NOTE 3 -   TREASURY STOCK;  STOCK REPURCHASE PROGRAM

     In July 1997, the Board of Directors authorized a stock repurchase
     program under which management of the Company was authorized to repurchase
     up to 250,000 shares of the Company's common stock in the open market at
     prevailing prices. The amount and timing of stock repurchases depends on
     market conditions, shares prices and other factors. During the nine-month
     period ended November 30, 1997, the Company repurchased 205,475 shares of
     common stock, at a cost of $992,000. In December 1997, the Board of
     Directors increased the aggregate number of shares that management was
     authorized to repurchase, including shares repurchased to date, from
     250,000 to 500,000. The Company may suspend or discontinue its stock
     repurchase program at any time.

NOTE 4 -   CONTINGENCIES

     The Company is a party to several legal actions arising in the normal
     course of business. Management believes that the outcomes of legal actions
     to which it is a party will not, in the aggregate, have a material adverse
     effect on the results of operations or financial condition of the Company.

     The Company's services involve risks of significant liability for
     environmental and property damage, personal injury, economic loss, and
     costs assessed by regulatory agencies. Claims may potentially be asserted
     against the Company under federal and state statutes, common law,
     contractual indemnification agreements or otherwise.
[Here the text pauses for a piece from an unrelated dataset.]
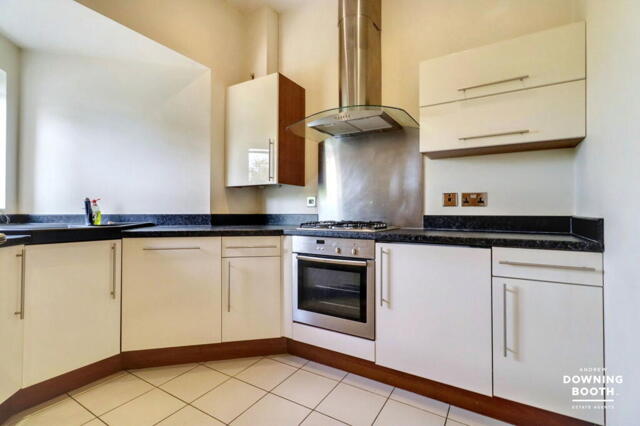 Levetts Gate, Station Road, 2 Bedroom Flat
                                       7
<PAGE>   8

ITEM 2.  MANAGEMENT'S DISCUSSION AND ANALYSIS OF FINANCIAL
         CONDITION AND RESULTS OF OPERATIONS

RESULTS OF OPERATIONS

THREE MONTH COMPARISON FOR FISCAL YEARS 1998 AND 1997

- -    NET REVENUES. The Company's net revenues for the three months ended
     November 30, 1997 increased by $653,000 (7.2%) compared with the
     corresponding period in the prior fiscal year. The increase is primarily
     attributable to a $634,000 increase in net revenues from the Company's
     drilling operations which were affected negatively in the prior year by a
     $500,000 non-recoverable inventory write-down.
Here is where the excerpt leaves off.